Two dams collapsed in exceptionally heavy rains from Mediterranean storm Daniel early Monday, sending a wall of water several meters (feet) high gushing down a valley that cuts through the city of Derna.
The unusual flooding and Libya’s political chaos contributed to the enormous toll. The oil-rich state has been split since 2014 between rival governments in the east and west backed by various militia forces and international patrons.
The disaster has brought rare unity, as government agencies across Libya’s divide rushed to help the affected areas.
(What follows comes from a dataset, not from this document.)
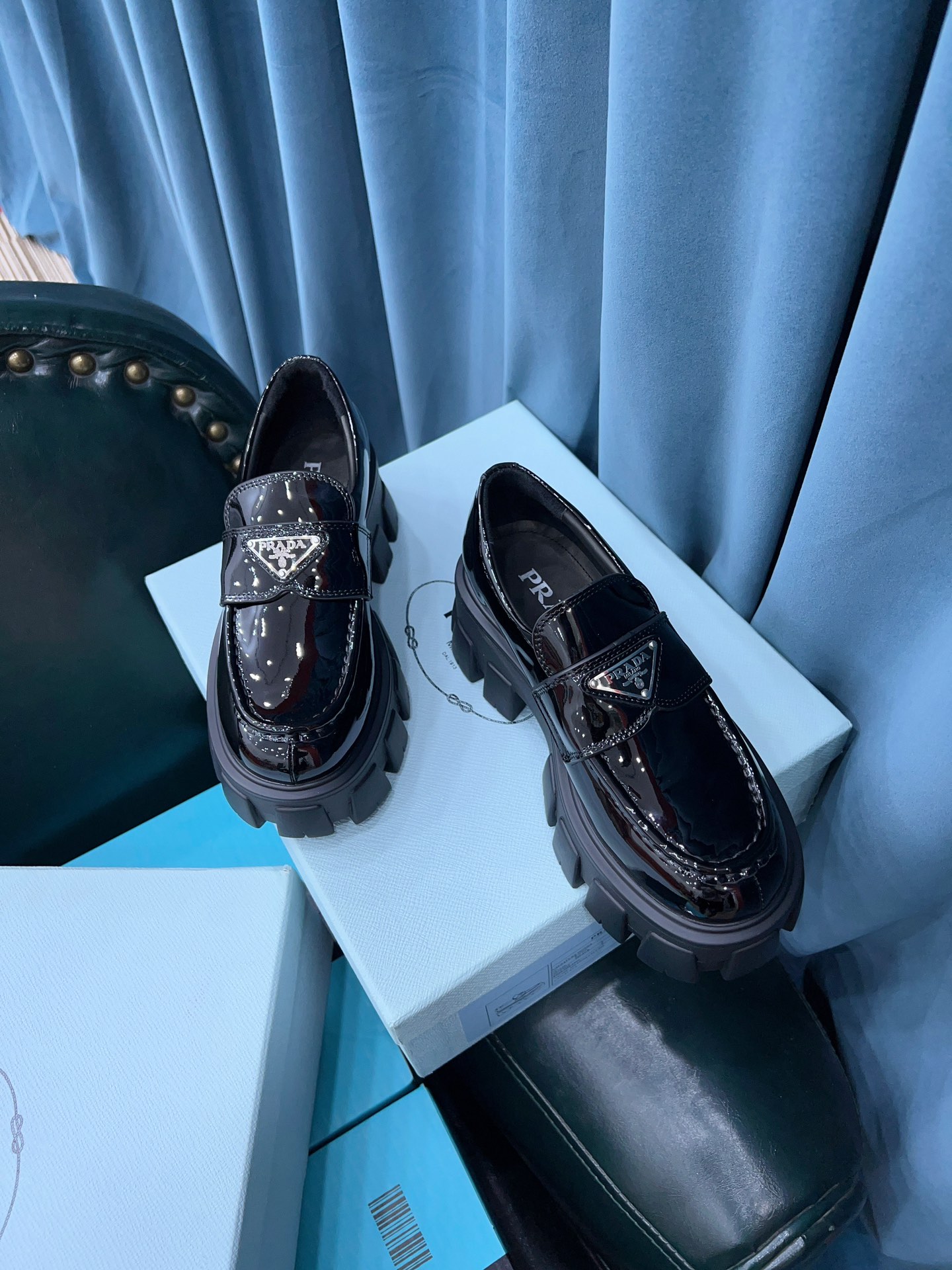 Pra*a Monolith Brushed Loafers Black For Women 2.4in/60mm PRD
But relief efforts have been slowed by the destruction after several bridges that connect the city were destroyed.
Heaps of twisted metal and flooded cars littered Derna’s streets, which are caked in a tan mud. Teams have buried bodies in mass graves outside the city and in nearby towns, Eastern Libya’s health minister, Othman Abduljaleel, said.
But officials worried that thousands more were yet to be found.
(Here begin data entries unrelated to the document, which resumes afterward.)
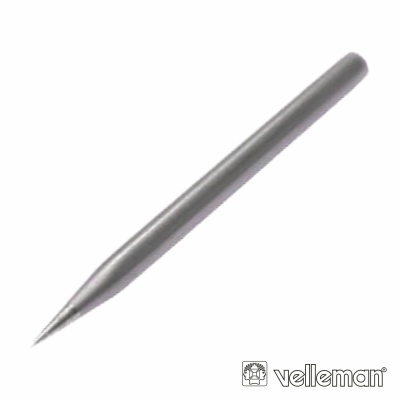 Lápis de solda metálico com ponta fina ao lado do logo Velleman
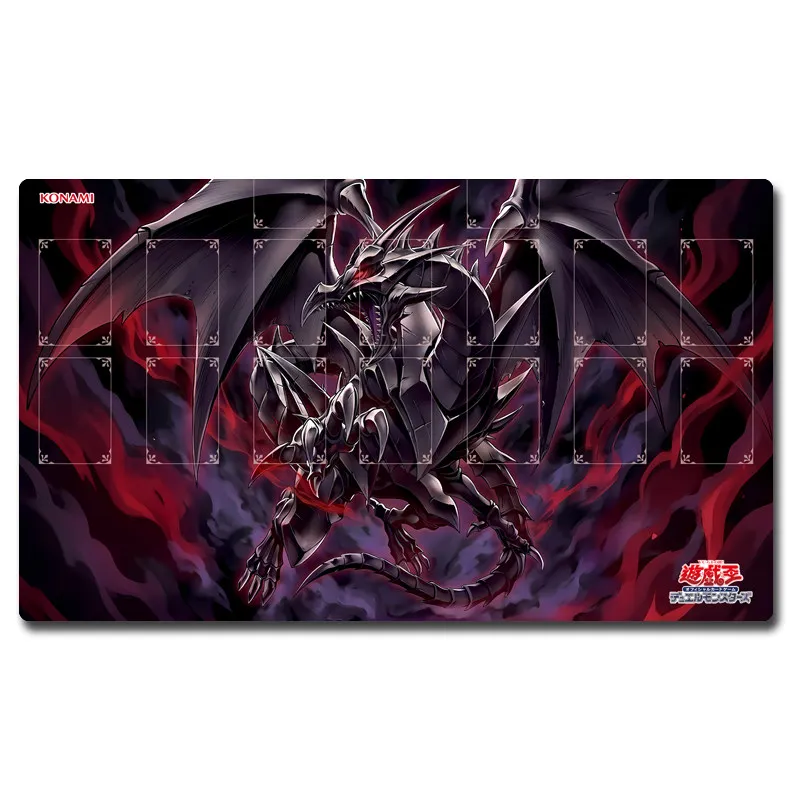 600X350X2Mm Diy Yu-Gi-Oh! Red-Eyes Black Dragon Card Battle Mat Single Player Board Game Card Duel Plate Battle Mat Gift Toys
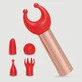 Numi Powerful Mini Vibrator with Interchangeable Silicone Tips - Orange
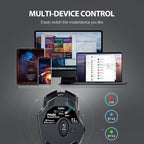 INPHIC Multi-Device Bluetooth Mouse, Upgraded Visible Battery, 2400 DPI, Silent Ergonomic Computer Wireless Mouse for Laptop, Mac, PC etc.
Bodies “are littering the streets, washing back up on shore and buried under collapsed buildings and debris,” said Bilal Sablouh, regional forensics manager for Africa at the International Committee of the Red Cross.
“In just two hours, one of my colleagues counted over 200 bodies on the beach near Derna,” he said.
Divers are also combing the coastal waters off of the city.
The Libyan Red Crescent said as of Thursday that 11,300 people in Derna had died and another 10,100 were reported missing — though there was little hope many would be found alive. The storm also killed about 170 people elsewhere in the country.